Both Frum and Brooks are from Canada–a fact that would not merit mention, save for the additional fact that Brooks seems to think that it is acceptable to attack Cruz’s Canadian birth as a mark of illegitimacy. He called Cruz “the senator from Canada through Texas,” a meaningless, pseudo-nativist slur that he evidently believed would strike some kind of ironic chord with PBS’s urbane, intellectual, cosmopolitan, left-leaning audience.
The Canadian political template does not graft well onto the U.S. Occasionally there is much to learn: Frum is right that U.S. immigration policy could do worse than to adopt Canada’s skills-oriented laws, for example. But despite Canada’s conservative drift, the two nations have different roots and ideals. (Canada’s founding document stresses “Peace, Order and Good Government,” not “Life, Liberty and the pursuit of Happiness.”)
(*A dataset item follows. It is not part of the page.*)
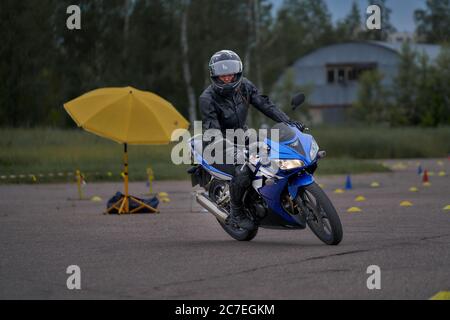 25-05-2020 Riga, Lettland. Motorradfahrer fährt auf Straße, Vorderansicht, Nahaufnahme. Stockfoto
The prospect of “good government” is particularly attractive to those who imagine they will be doing the governing. That is the conviction that motivates the animus that Frum, Brooks, and other “establishment” thinkers share towards the Republican Party’s conservative base and its leading champions. Both have bet heavily and repeatedly on the emergence of a new anti-conservative majority in the GOP; both have lost.
I am a moderate by temperament. I have a strong distaste for the infighting that has developed within the Republican Party since 2012. Andrew Breitbart likewise believed strongly in conservative unity, despite his own internal battles in the movement. But Frum, Brooks and others never cease to remind me that the GOP establishment wants a GOP civil war. It has wanted one long before November 2008. It deserves to lose.